Giangiacomo Feltrinelli, il Comandante Osvaldo, fu il principale sostenitore delle Brigate Rosse dei primi anni, collaborazione interrotta solo dalla sua morte. Una o due volte al mese s’incontrava con Curcio nelle panchine davanti al Castello Sforzesco. Fornì loro supporto logistico e d’intelligence, insegnò alle BR come fabbricare documenti falsi e come vivere in clandestinità.
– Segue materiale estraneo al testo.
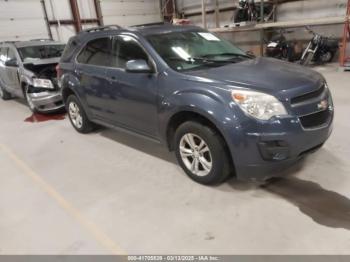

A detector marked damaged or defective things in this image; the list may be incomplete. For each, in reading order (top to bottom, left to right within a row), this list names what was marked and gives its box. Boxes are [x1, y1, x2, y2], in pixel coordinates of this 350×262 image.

damaged vehicle [0, 40, 65, 112] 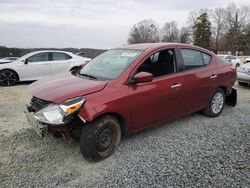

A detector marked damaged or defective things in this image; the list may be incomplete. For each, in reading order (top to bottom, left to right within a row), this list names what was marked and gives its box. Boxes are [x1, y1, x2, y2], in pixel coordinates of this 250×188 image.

damaged front end [24, 97, 86, 142]
cracked headlight [33, 97, 85, 125] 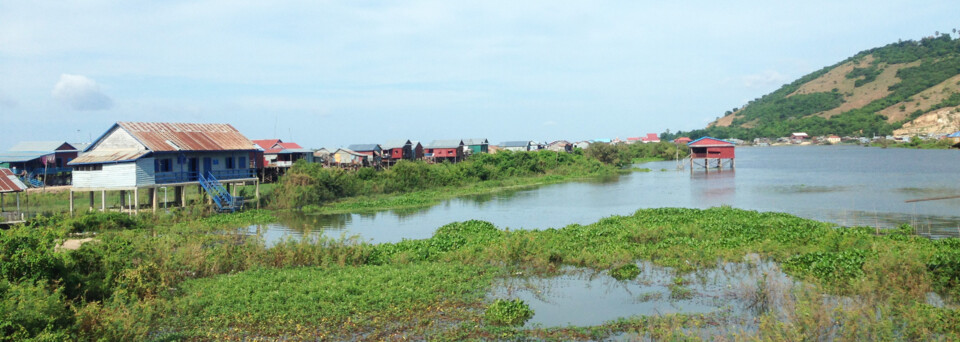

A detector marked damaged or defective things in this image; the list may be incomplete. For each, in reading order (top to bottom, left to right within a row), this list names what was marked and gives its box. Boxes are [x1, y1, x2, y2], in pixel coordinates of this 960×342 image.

rusty corrugated metal roof [118, 121, 256, 151]
rusty corrugated metal roof [0, 168, 27, 192] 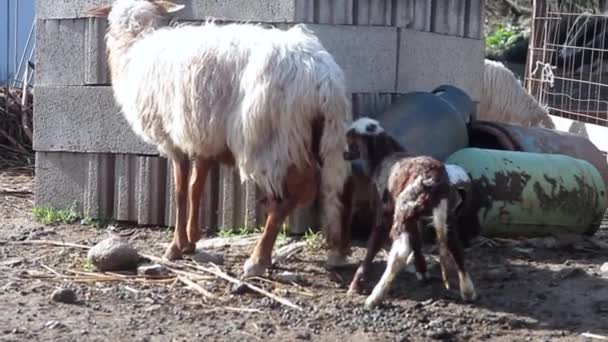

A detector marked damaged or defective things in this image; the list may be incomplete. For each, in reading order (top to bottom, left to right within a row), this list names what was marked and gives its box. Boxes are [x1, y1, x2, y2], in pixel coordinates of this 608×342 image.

rusty barrel [446, 147, 608, 238]
rusty barrel [468, 120, 604, 188] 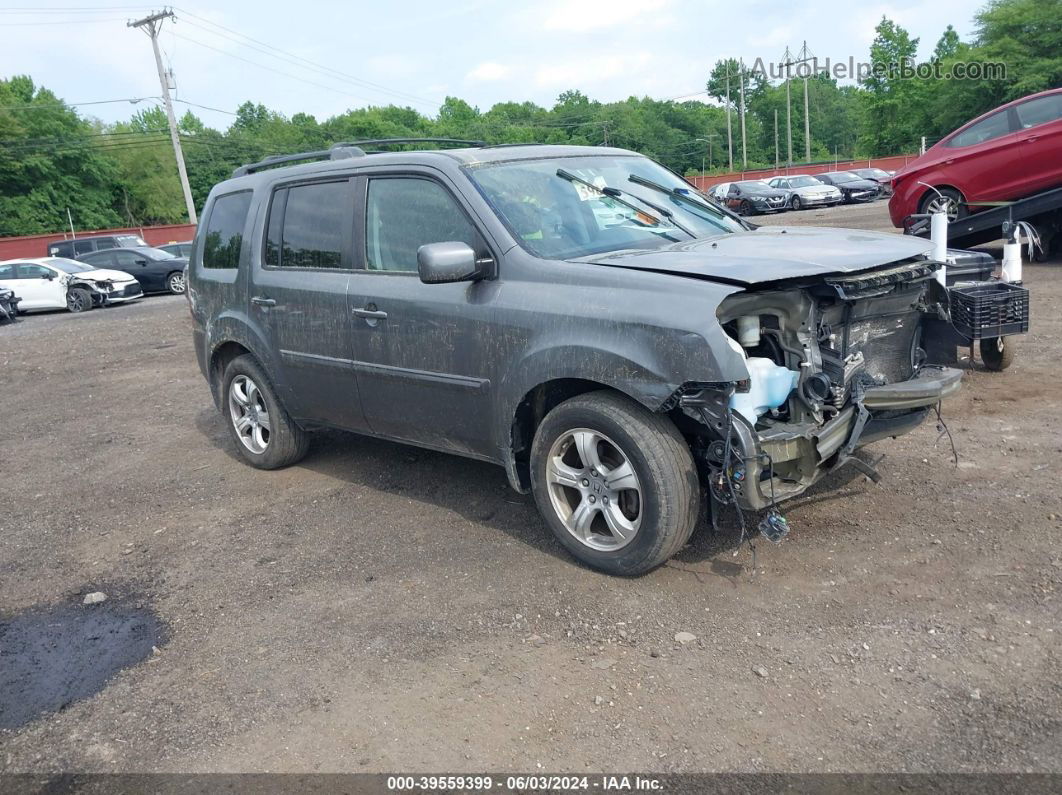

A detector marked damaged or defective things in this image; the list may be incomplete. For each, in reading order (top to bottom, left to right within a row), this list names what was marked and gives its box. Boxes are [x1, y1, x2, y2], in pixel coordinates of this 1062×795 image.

crumpled hood [71, 268, 136, 284]
crumpled hood [581, 222, 938, 284]
broken headlight area [679, 263, 964, 515] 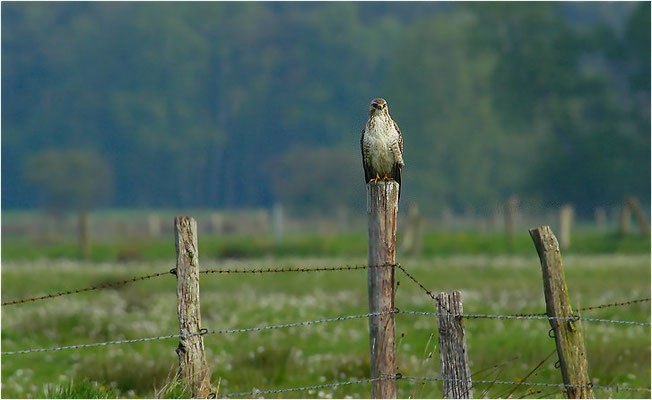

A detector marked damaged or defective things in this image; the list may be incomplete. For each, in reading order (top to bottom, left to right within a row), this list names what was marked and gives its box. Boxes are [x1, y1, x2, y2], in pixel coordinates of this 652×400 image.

rusty wire [0, 272, 172, 306] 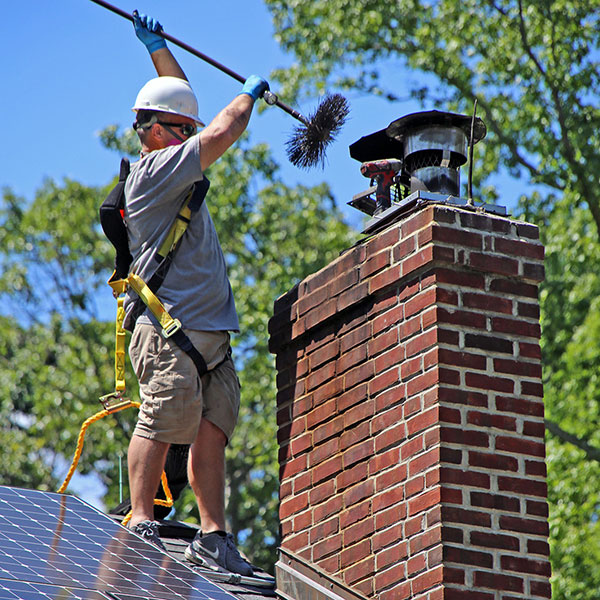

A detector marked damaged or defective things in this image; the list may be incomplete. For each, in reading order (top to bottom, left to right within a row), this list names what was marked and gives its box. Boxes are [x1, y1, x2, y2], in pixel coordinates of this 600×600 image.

rusty metal flashing [276, 548, 368, 600] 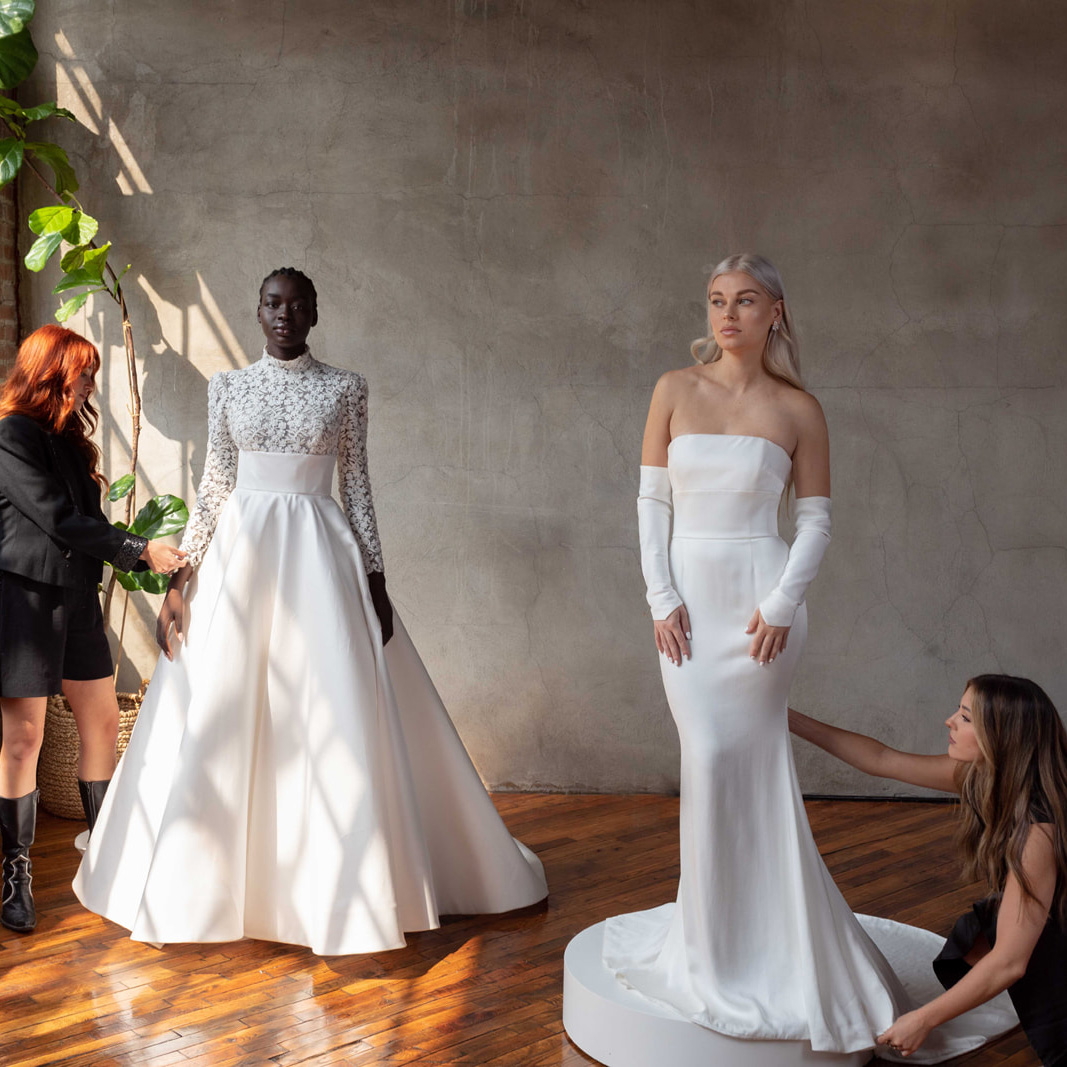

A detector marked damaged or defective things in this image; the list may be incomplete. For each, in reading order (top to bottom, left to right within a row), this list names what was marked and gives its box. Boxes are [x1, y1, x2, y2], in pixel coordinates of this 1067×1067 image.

cracked wall surface [18, 2, 1067, 793]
Che adesso l‘omonima casa editrice e la bella fondazione a lui dedicata tendano a sottolineare più l’aspetto culturale della sua vita mi sembra anche comprensibile ma Giangiacomo Feltrinelli era soprattutto un combattente rivoluzionario. Ed è morto da tale.

Renato (Curcio) e Margherita/Mara (Cagol) com’è stato frequentarli nelle pagine del romanzo?

Con molto rispetto e cautela. Specie nei confronti di Mara, della quale non avevo nessuna notizia biografica proveniente dalla sua voce, in quanto morta poco tempo dopo gli anni nei quali è ambientato il romanzo, ovvero dall’inverno del 1969 alla primavera del 1972.

Franceschini recentemente racconta di quando furono ideati il nome e il simbolo delle BR, riesce a scherzarci sopra dicendo che forse avrebbero potuto chiedere i diritti d’autore. Quali riferimenti c’erano nel nome e nel disegno?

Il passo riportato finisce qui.